# President Bush



## nayashi (Sep 4, 2004)

*What do you think of Dubya?*​
He's great! America's never had a better president!14.35%I like him00.00%He's okay, it doesn't really matter to me00.00%I don't like him730.43%I HATE HIM WITH A FIREY PASSION AND I WISH SOMEONE WOULD BOMB THE BUSH ADMINISTRATION730.43%Everyone from my country dislikes him. A lot.834.78%


----------



## nayashi (Sep 4, 2004)

this is mostly directed towards people outside of the US, but if you are from the US, don't hesitate to vote.


----------



## Guest (Nov 29, 2004)

I voted a strong, confident NUMBER 5!!!
 
*I HUGG NAYASHI*


----------



## Dreamer (Aug 9, 2004)

Moved to "That's Life". Non-DP related poll.
D 8)


----------



## Guest (Nov 30, 2004)

Dreamer said:


> Moved to "That's Life". Non-DP related poll.
> D 8)


You've KILLED THE MOOD! I love this polll!

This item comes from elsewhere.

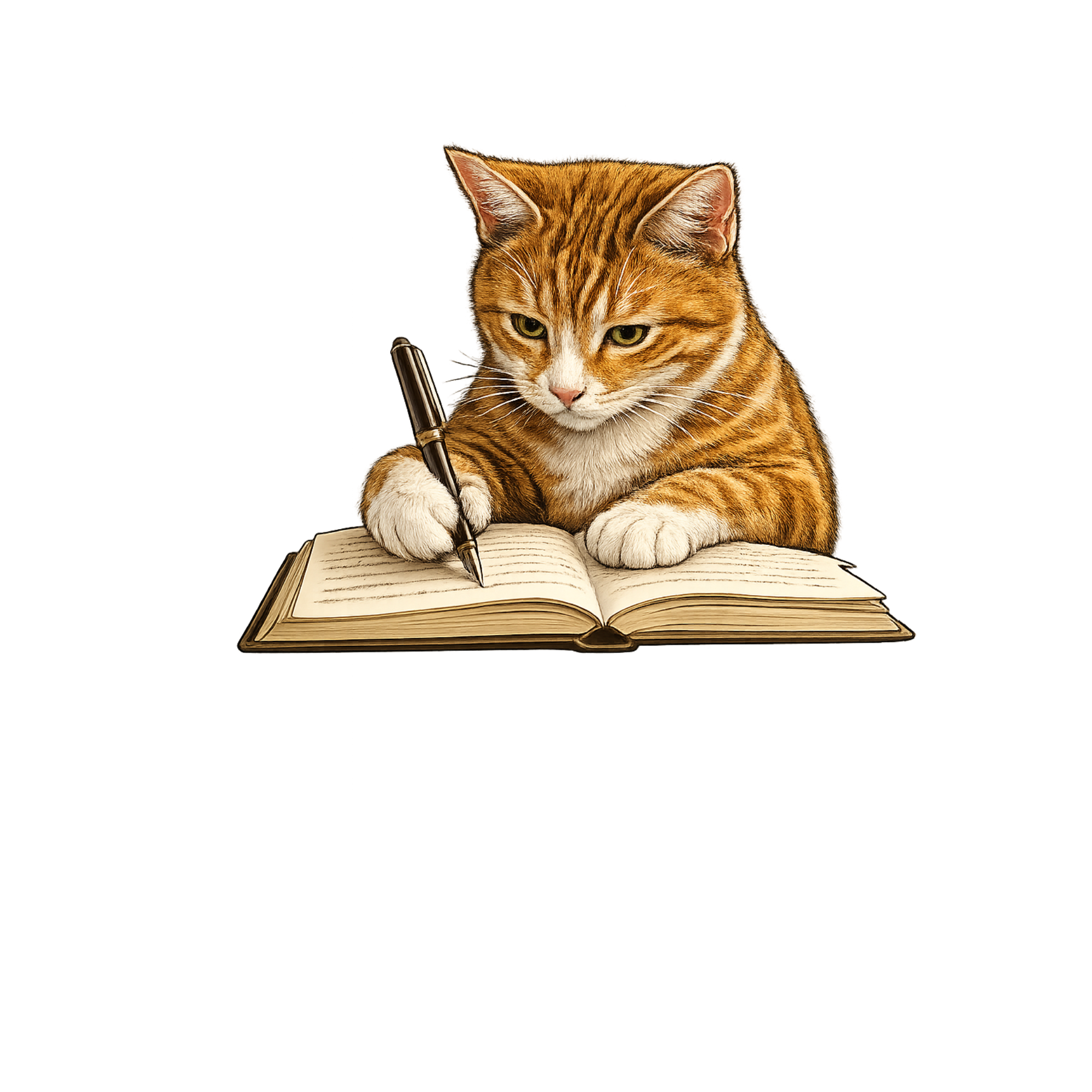 he Ginger Cat Publishing logo displayed on a black background. At the centre, a detailed illustration shows a ginger tabby cat holding a fountain pen and appearing to write in an open book. Beneath the illustration, the words “Ginger Cat” appear in a large, elegant serif typeface, with “PUBLISHING” centred below in smaller capital letters framed by thin horizontal lines. The design combines a warm literary theme with a professional, classic publishing aesthetic.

I luv you Dreamer... I ALWAYS *DID*.


----------



## sleepingbeauty (Aug 18, 2004)

honey..

youve only scratched the surface.

AHEM, (sleepy tries to do her best morpheus impression as she offers you the red pill)

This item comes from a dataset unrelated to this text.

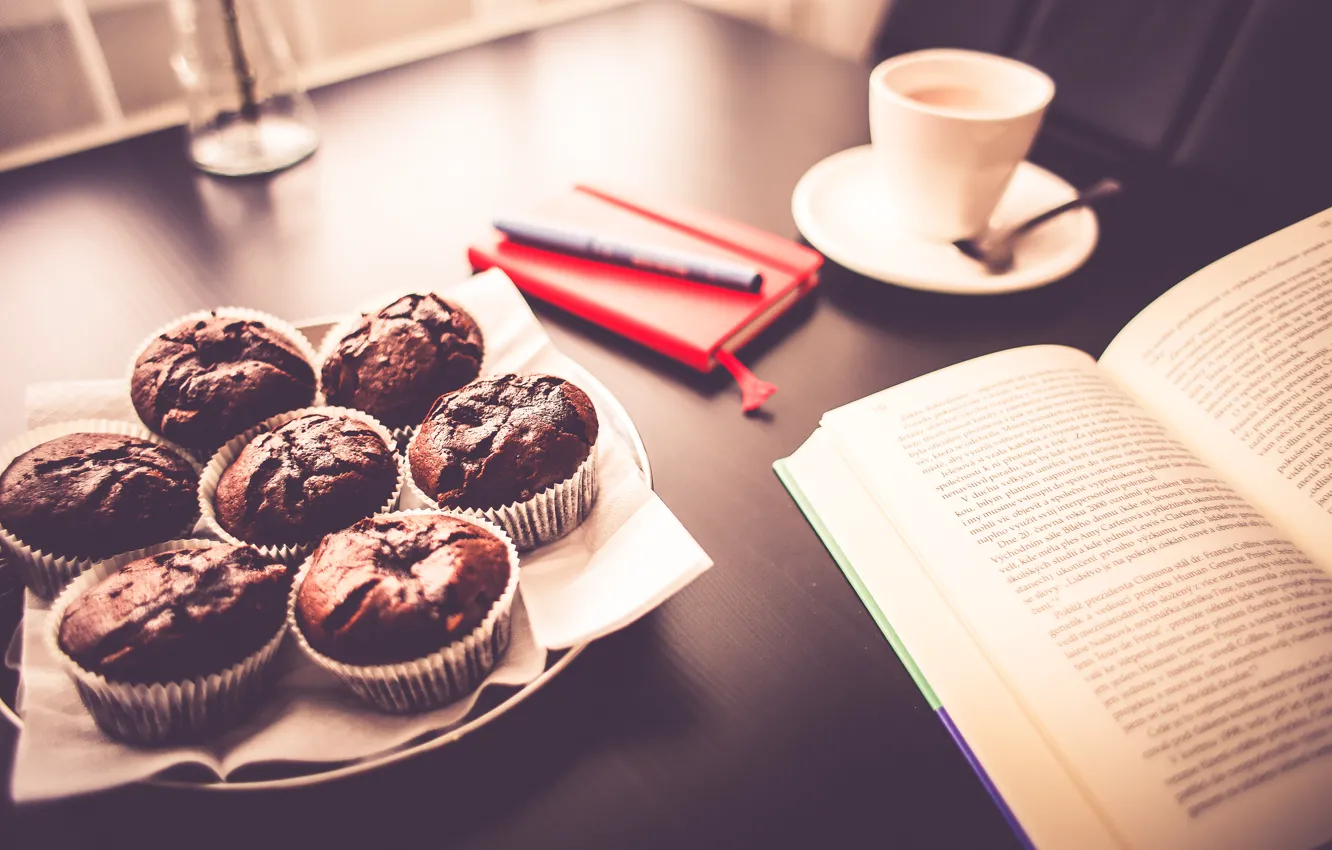 Фото обои завтрак, кружка, чашка, книга, выпечка, кексы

take a trip down the rabbit hole and peep dis.

http://www.rense.com/general57/aale.htm

if youre a bush hater its sure to make your nipples go erect. :wink:


----------



## Guest (Nov 30, 2004)

sleepingbeauty said:


> honey..
> 
> youve only scratched the surface.
> 
> ...


  Poor George BUSHH...
 *sad*

I feel really... SORRY, for him, y'knoww?

He's a POOR lil ferret


----------



## gimpy34 (Aug 10, 2004)

I think Stanley Hilton is trying to join his niece Paris on the list of "The Biggest Jokes in America." These conspiracy theories are great ways of making money for someone like him who has enough credentials to pretend to sound legitimate.

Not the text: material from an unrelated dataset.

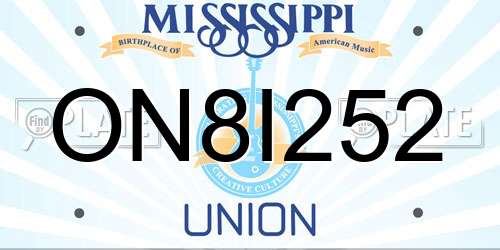 ON8I252 Mississippi License Plate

Tupac is still alive also.

Also, if you want to plan a self-attack, you don't go flying planes into the WORLD TRADE Center. Good way to ruin your economy. Maybe the Empire State Building or Chrysler Building.


----------



## Dreamer (Aug 9, 2004)

gimpy34 said:


> I think Stanley Hilton is trying to join his niece Paris on the list of "The Biggest Jokes in America." These conspiracy theories are great ways of making money for someone like him who has enough credentials to pretend to sound legitimate.
> 
> Tupac is still alive also.
> 
> Also, if you want to plan a self-attack, you don't go flying planes into the WORLD TRADE Center. Good way to ruin your economy. Maybe the Empire State Building or Chrysler Building.


Yup, conspiracy theories like this are absolutely ludicrous. I am not a conspiracy theorist at all. I'll listen to an idea, but when it makes absolutely no sense, I can smell it a mile off.

I just read an article in Scientific American Mind. It talked about belief in conspiracies. Very interesting.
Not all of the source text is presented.